Dal Sassuolo al Sassuolo: il ritorno di Ale

Corriere dello Sport (F.Guerrieri) – Sembra passata una vita, ma in realtà è poco più di un anno. Riavvolgiamo il nastro: 26 ottobre 2016, Sassuolo-Roma. Spalletti soddisfatto in panchina perché i giallorossi sono avanti 3-1 a cinque minuti dalla fine. Poi il contrasto che all’improvviso toglie il sorriso a tutti: Lirola e Florenzi vanno sul pallone, Alessandro anticipa lo spagnolo che prende il ginocchio del giocatore giallorosso. Il numero 24 cade a terra, si capisce subito che è qualcosa di grave. Il giorno dopo arriva il responso: «Rottura del legamento crociato anteriore del ginocchio sinistro». Ale entra in un tunnel dal quale esce solo un anno dopo.

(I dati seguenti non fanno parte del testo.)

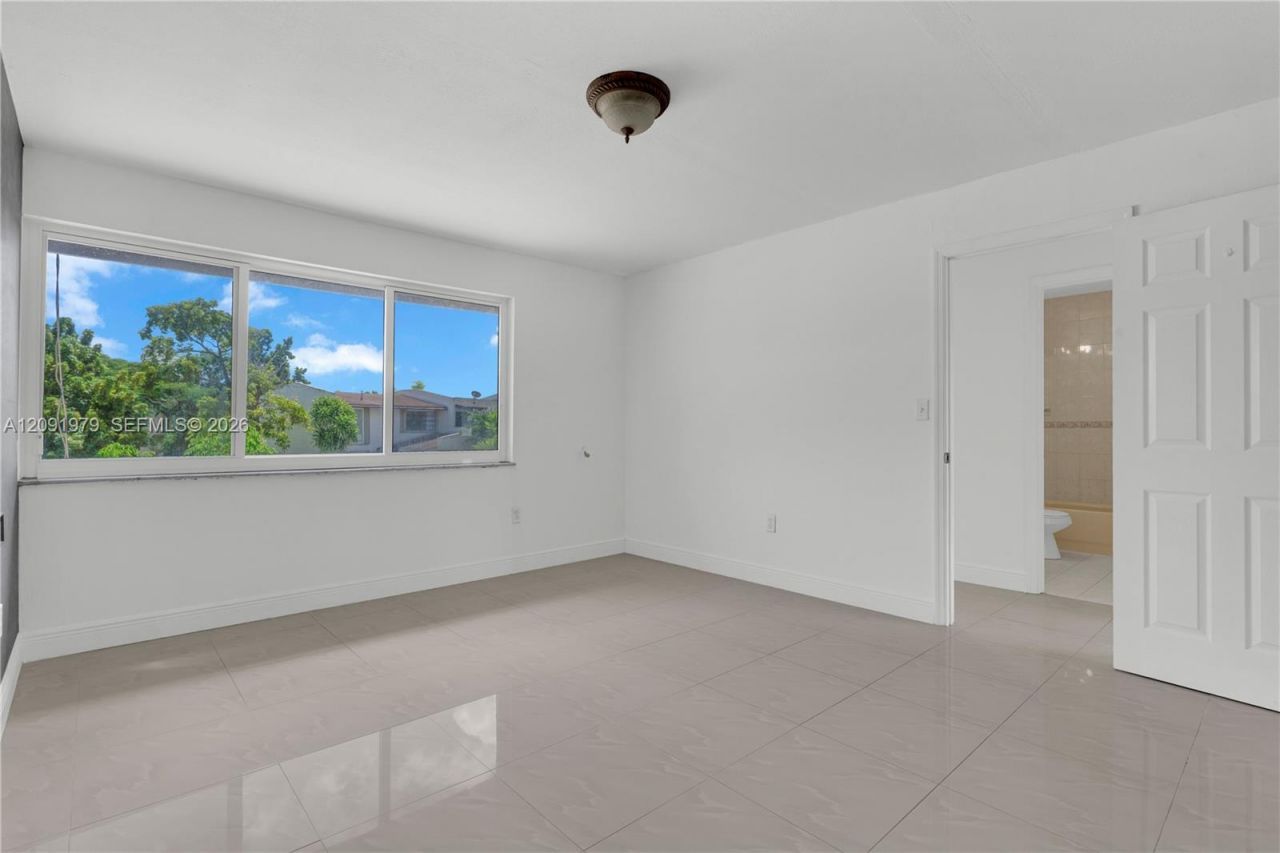 11333 SW 69th Ln, Unit 11333, Miami, FL 33173 Photo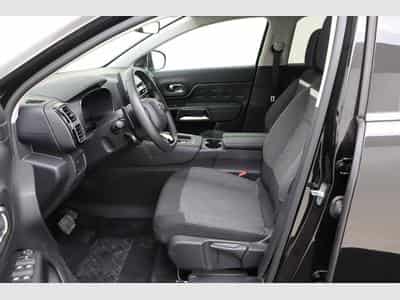 Citroen C5 AIRCROSS Plus (2025) - Foto 13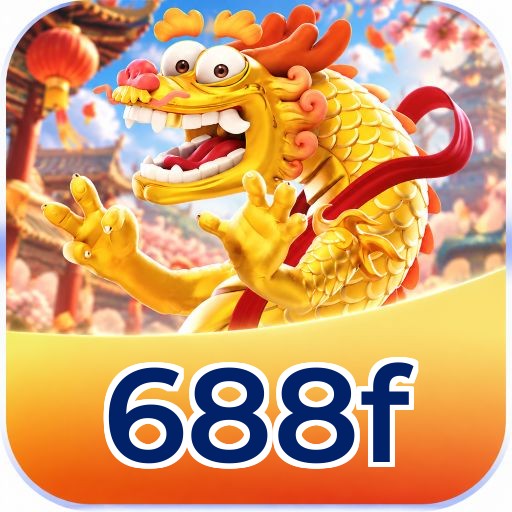 688f Live Casino Overview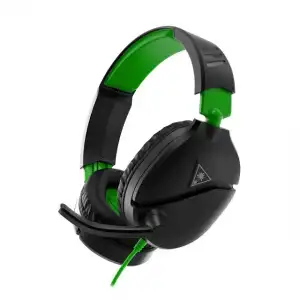 Turtle Beach Recon 70X Oyun Kulaklığı
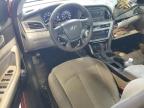2015 Hyundai Sonata Se for Sale in Waldorf, MD - All Over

Ora si è ripreso quella fascia destra che Bruno Peres gli ha tenuto in caldo durante la sua assenza. Quell’infortunio l’ha fatto crescere trasformandolo in un uomo, gli ha fatto capire chi gli vuole bene davvero. Daniele De Rossi per esempio, il capitano è stato vicino a Florenzi tutta la prima notte e non l’ha mai lasciato solo nemmeno nei giorni successivi. Amici, prima che compagni. In comune il sangue giallorosso che scorre da sempre nelle vene.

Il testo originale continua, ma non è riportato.